AgentSkillsCN

ML Experiment Tracking

以可复现的参数与度量指标,记录并追踪机器学习实验过程。

SKILL.md
--- frontmatter
name: ML Experiment Tracking
description: Track machine learning experiments with reproducible parameters and metrics
category: ml
version: 1.0.0
triggers:
  - model-training
  - experiment-run
  - hyperparameter-search
globs: "**/models/**,**/experiments/**,**/ml/**"
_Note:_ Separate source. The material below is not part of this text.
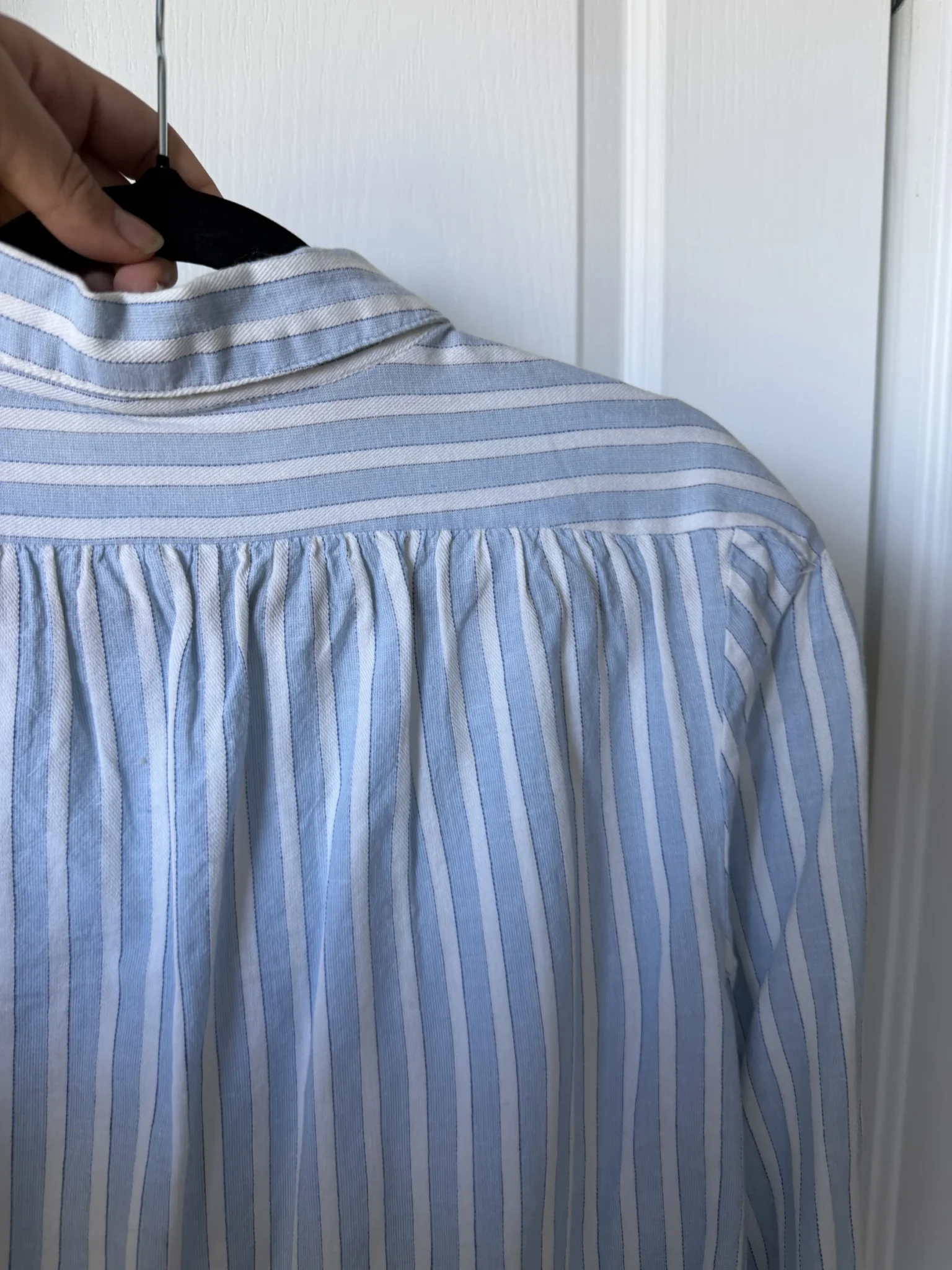 Image for Maison 123 shirt, size 40 FR (M/L), light blue with white stripes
ML Experiment Tracking Skill

Track machine learning experiments with reproducible parameters and metrics.

Trigger Conditions

  • Model configuration changes or hyperparameter updates
  • New experiment run initiated
  • User invokes with "track experiment" or "compare models"

Input Contract

  • Required: Experiment parameters (model, hyperparameters, data)
  • Required: Evaluation metrics
  • Optional: Baseline comparison, hypothesis

Output Contract

  • Experiment log entry with full reproducibility info
  • Comparison table against baseline/prior runs
  • Recommendation on whether to promote or iterate

Tool Permissions

  • Read: Model configs, training data metadata, metric logs
  • Write: Experiment logs, comparison reports
  • Execute: Metric collection commands

Execution Steps

  1. Record experiment hypothesis and parameters
  2. Capture environment (dependencies, data version, code commit)
  3. Execute or observe training run
  4. Collect metrics and artifacts
  5. Compare against baseline and prior experiments
  6. Recommend: promote, iterate, or abandon

Success Criteria

  • Experiment is fully reproducible from logged parameters
  • Metrics compared against baseline
  • Clear recommendation with rationale

Escalation Rules

  • Escalate if model performance degrades vs. baseline
  • Escalate if data drift detected in training set
  • Escalate if experiment requires new infrastructure

Example Invocations

Input: "Compare the BERT-base and DistilBERT models for our classification task"

Output: Experiment log: BERT-base (F1: 0.92, latency: 45ms, size: 440MB) vs DistilBERT (F1: 0.89, latency: 12ms, size: 260MB). Recommendation: DistilBERT for production (3% F1 trade-off for 73% latency improvement). Promote to staging for A/B test.